- Short descriptive text snippets:
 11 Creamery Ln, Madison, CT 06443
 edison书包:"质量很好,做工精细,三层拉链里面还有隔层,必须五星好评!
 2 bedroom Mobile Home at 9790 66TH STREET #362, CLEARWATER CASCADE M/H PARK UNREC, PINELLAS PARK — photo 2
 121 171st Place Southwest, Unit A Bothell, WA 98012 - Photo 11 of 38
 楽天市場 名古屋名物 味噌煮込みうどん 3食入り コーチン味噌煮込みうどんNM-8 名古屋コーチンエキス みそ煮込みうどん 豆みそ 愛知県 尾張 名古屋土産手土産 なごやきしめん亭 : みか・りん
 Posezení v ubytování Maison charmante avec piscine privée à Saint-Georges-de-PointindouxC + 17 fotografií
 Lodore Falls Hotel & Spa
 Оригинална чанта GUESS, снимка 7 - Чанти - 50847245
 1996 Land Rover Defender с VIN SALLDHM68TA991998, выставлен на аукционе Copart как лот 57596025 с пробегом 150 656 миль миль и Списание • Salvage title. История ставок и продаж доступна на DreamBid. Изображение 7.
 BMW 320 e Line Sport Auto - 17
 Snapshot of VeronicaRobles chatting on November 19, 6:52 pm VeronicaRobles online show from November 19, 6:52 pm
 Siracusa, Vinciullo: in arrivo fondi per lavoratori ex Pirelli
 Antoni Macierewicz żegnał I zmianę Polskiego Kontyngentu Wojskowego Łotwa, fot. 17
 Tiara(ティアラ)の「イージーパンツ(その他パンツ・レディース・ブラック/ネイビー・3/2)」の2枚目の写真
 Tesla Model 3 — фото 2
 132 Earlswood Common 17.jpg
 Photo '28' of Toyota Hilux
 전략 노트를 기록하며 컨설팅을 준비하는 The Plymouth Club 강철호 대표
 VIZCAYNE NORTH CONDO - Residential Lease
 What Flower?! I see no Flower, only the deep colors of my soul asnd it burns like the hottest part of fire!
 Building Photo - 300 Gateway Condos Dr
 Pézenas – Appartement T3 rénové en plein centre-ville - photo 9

- Your instructions: All entries are to be reproduced verbatim, with none omitted.

- Output of the exercise:
 11 Creamery Ln, Madison, CT 06443
 edison书包:"质量很好,做工精细,三层拉链里面还有隔层,必须五星好评!
 2 bedroom Mobile Home at 9790 66TH STREET #362, CLEARWATER CASCADE M/H PARK UNREC, PINELLAS PARK — photo 2
 121 171st Place Southwest, Unit A Bothell, WA 98012 - Photo 11 of 38
 楽天市場 名古屋名物 味噌煮込みうどん 3食入り コーチン味噌煮込みうどんNM-8 名古屋コーチンエキス みそ煮込みうどん 豆みそ 愛知県 尾張 名古屋土産手土産 なごやきしめん亭 : みか・りん
 Posezení v ubytování Maison charmante avec piscine privée à Saint-Georges-de-PointindouxC + 17 fotografií
 Lodore Falls Hotel & Spa
 Оригинална чанта GUESS, снимка 7 - Чанти - 50847245
 1996 Land Rover Defender с VIN SALLDHM68TA991998, выставлен на аукционе Copart как лот 57596025 с пробегом 150 656 миль миль и Списание • Salvage title. История ставок и продаж доступна на DreamBid. Изображение 7.
 BMW 320 e Line Sport Auto - 17
 Snapshot of VeronicaRobles chatting on November 19, 6:52 pm VeronicaRobles online show from November 19, 6:52 pm
 Siracusa, Vinciullo: in arrivo fondi per lavoratori ex Pirelli
 Antoni Macierewicz żegnał I zmianę Polskiego Kontyngentu Wojskowego Łotwa, fot. 17
 Tiara(ティアラ)の「イージーパンツ(その他パンツ・レディース・ブラック/ネイビー・3/2)」の2枚目の写真
 Tesla Model 3 — фото 2
 132 Earlswood Common 17.jpg
 Photo '28' of Toyota Hilux
 전략 노트를 기록하며 컨설팅을 준비하는 The Plymouth Club 강철호 대표
 VIZCAYNE NORTH CONDO - Residential Lease
 What Flower?! I see no Flower, only the deep colors of my soul asnd it burns like the hottest part of fire!
 Building Photo - 300 Gateway Condos Dr
 Pézenas – Appartement T3 rénové en plein centre-ville - photo 9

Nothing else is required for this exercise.